=== SOURCE INFORMATION ===
==================================================

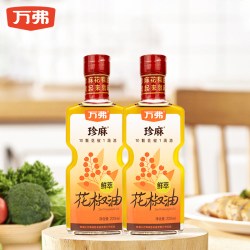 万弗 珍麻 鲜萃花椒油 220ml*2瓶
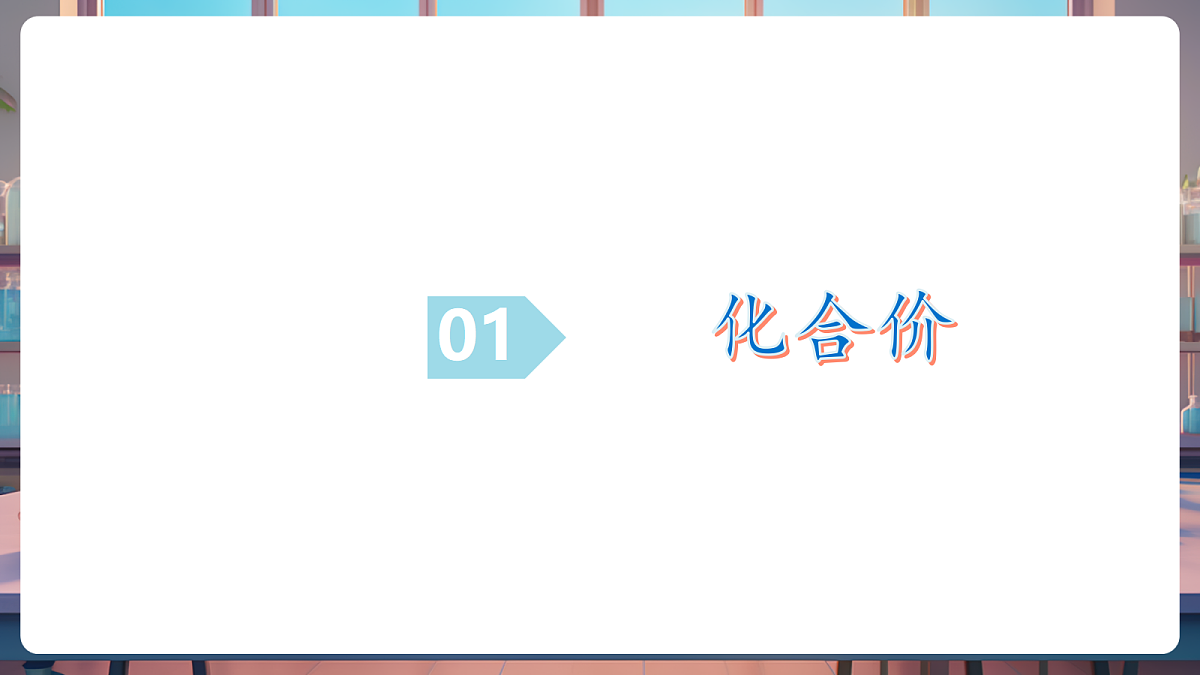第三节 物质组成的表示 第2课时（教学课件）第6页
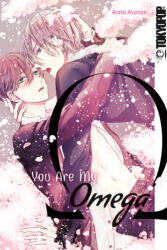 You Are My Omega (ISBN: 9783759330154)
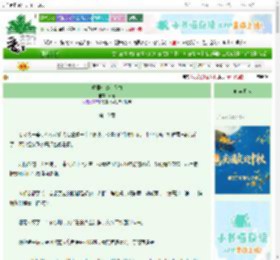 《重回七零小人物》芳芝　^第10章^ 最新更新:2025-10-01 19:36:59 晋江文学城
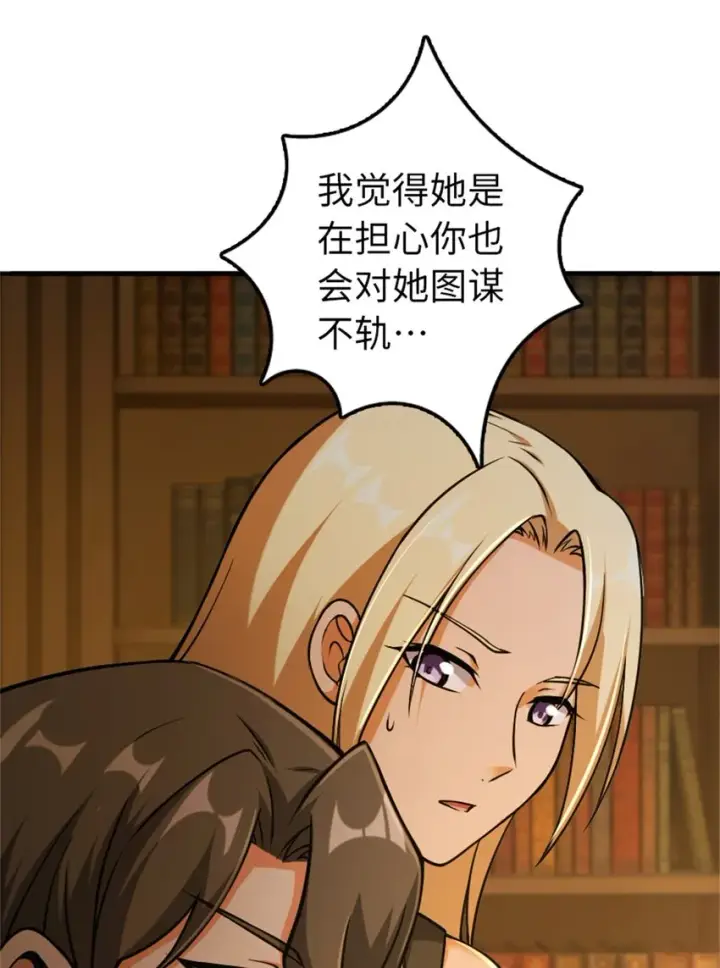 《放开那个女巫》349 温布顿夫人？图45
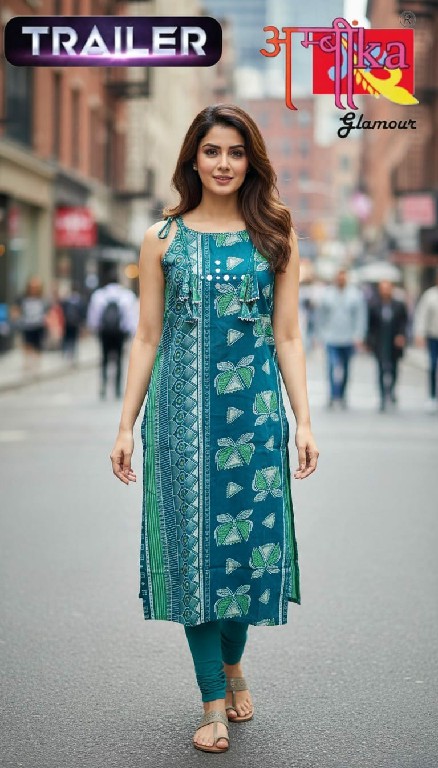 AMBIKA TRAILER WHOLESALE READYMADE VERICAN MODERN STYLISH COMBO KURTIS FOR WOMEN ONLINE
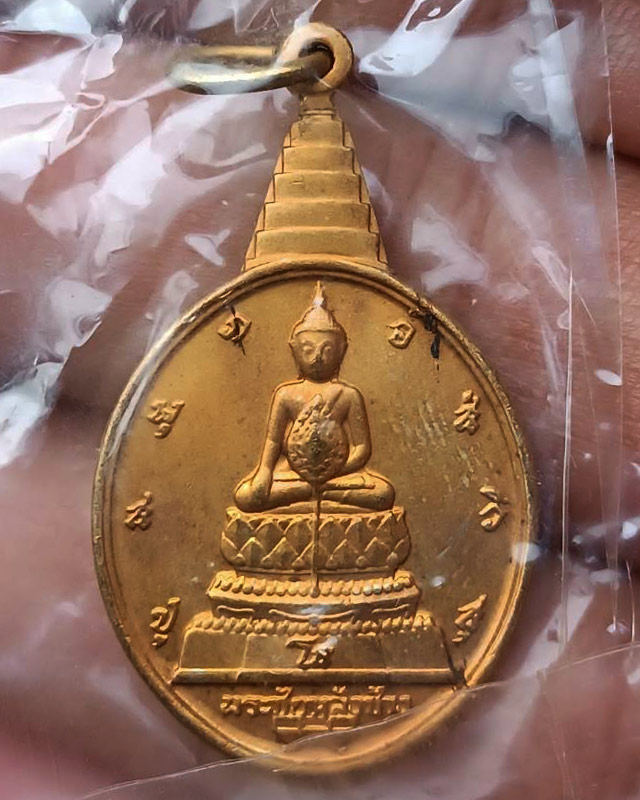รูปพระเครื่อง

==================================================

=== WORK TASK ===
When you repeat the data, keep every line exact and drop the images.

=== ANSWER AREA ===
 万弗 珍麻 鲜萃花椒油 220ml*2瓶
第三节 物质组成的表示 第2课时（教学课件）第6页
 You Are My Omega (ISBN: 9783759330154)
 《重回七零小人物》芳芝　^第10章^ 最新更新:2025-10-01 19:36:59 晋江文学城
 《放开那个女巫》349 温布顿夫人？图45
 AMBIKA TRAILER WHOLESALE READYMADE VERICAN MODERN STYLISH COMBO KURTIS FOR WOMEN ONLINE
รูปพระเครื่อง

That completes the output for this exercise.